SEM was performed with a JEOL JSM-IT500 (Jeol, Tokyo, Sweden) equipped with a tungsten filament and a Dry Silicon Drift detector. SMILE VIEW Lab was used for the data management. A small portion of each sample (0.25 mm2) was fasten on a stub, using carbon tape. To avoid sample charging, images were acquired at 5 kV with a fast frame-accumulation system. The working distance was set at around 10 mm, the probe current at 80 pA. When needed, a gold layer (about 6 nm thick) was deposited on samples with a rotary pump coater Q150R ES (Quorum Technologies, East Grinstead, UK).

2.5.5. pH Measurements

pH measurements were performed to monitor the changes in the acidity of the samples before and after the ageing. A LAQUAtwin HORIBA pH meter (VWR, Radnor, PA, USA) working in the pH range 2.0–12.0 (resolution = 0.01), was used. Small samples (about 0.25 mm2) were weighed and covered with drops of water (about 1 mL/10 mg). After 16 h the pH of the extraction was measured. Measurements were performed in duplicate and the average results reported. The two measurements generally showed a variation of < 0.1; the highest variation noted was 0.4.

3. Results and Discussion

Iron-tannate inks or dyes are among the original components of cellulose-based artefacts and works of art that trigger severe degradation in cellulosic substrates. These water-based compounds have been widely used since ancient times as writing fluids or to colour woven and non-woven artefacts [66,72,73]. The colouring complex, iron (III) tannate, is obtained by reaction of tannic acids, from galls, leaves, or bark, with iron (II) sulphate. Sulfuric acid is generated along with the colouring complex and the strong acid catalyses the hydrolysis of cellulose. In addition, iron ions not involved in the formation of the colouring complex trigger further oxidation of cellulose [73]. Therefore, manuscripts written with iron gall inks or textiles coloured with iron-tannate dyes typically display severe degradation. Harsh dyeing conditions, including iron ions and sulphuric acid at high temperatures, are known to degrade textile fibres already during the dyeing process [66,74].

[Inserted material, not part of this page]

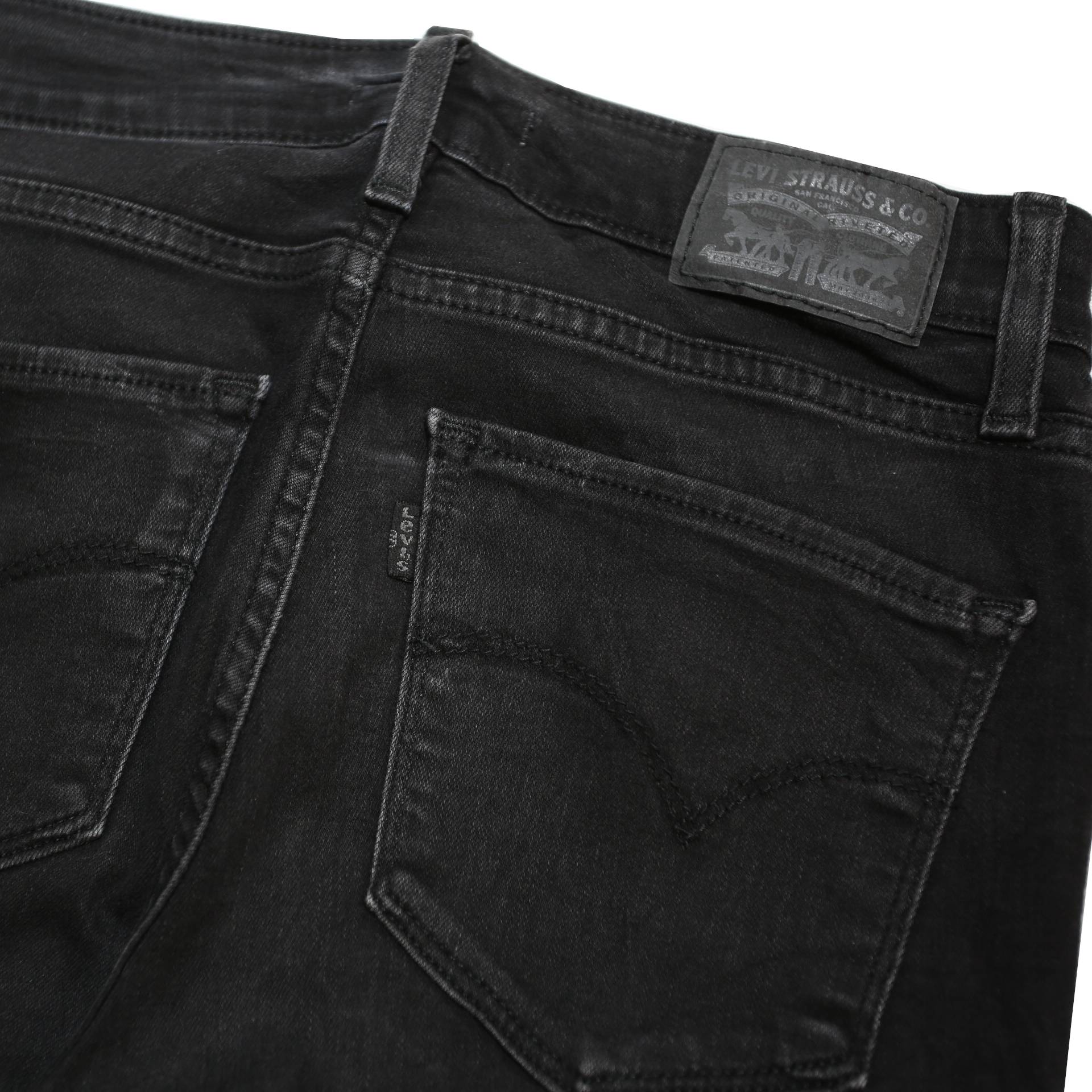 LEVI'S 721 Womens Jeans Black Slim Skinny Denim Medium W26 L30 Stylish Zip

As shown in Figure 1, the maximum force at break of model cotton samples coloured with iron-tannate dyes, with a starting pH of about 3.5, was almost halved after 10 years of natural ageing. As a reference, an undyed model cotton sample (starting pH of about 6.5), aged under the same conditions, did not show any significant change in mechanical properties. In fact, for undyed systems, the difference falls within the experimental error calculated from repeated experiments.

The aim of the study being to evaluate the effect of a combined deacidification-strengthening treatment, cotton samples coloured with iron-tannate dyes (see Figure 2) were treated with either the strengthening only or the deacidification/strengthening formulations. The evaluation was conducted by assessing the mechanical properties with tensile testing, the fibre structure by SEM and the apparent colour changes by colourimetric measurements. pH was also measured to evaluate the buffering capacity of each treatment. The treated samples were then subjected to an accelerated ageing process and characterised using the same methodology.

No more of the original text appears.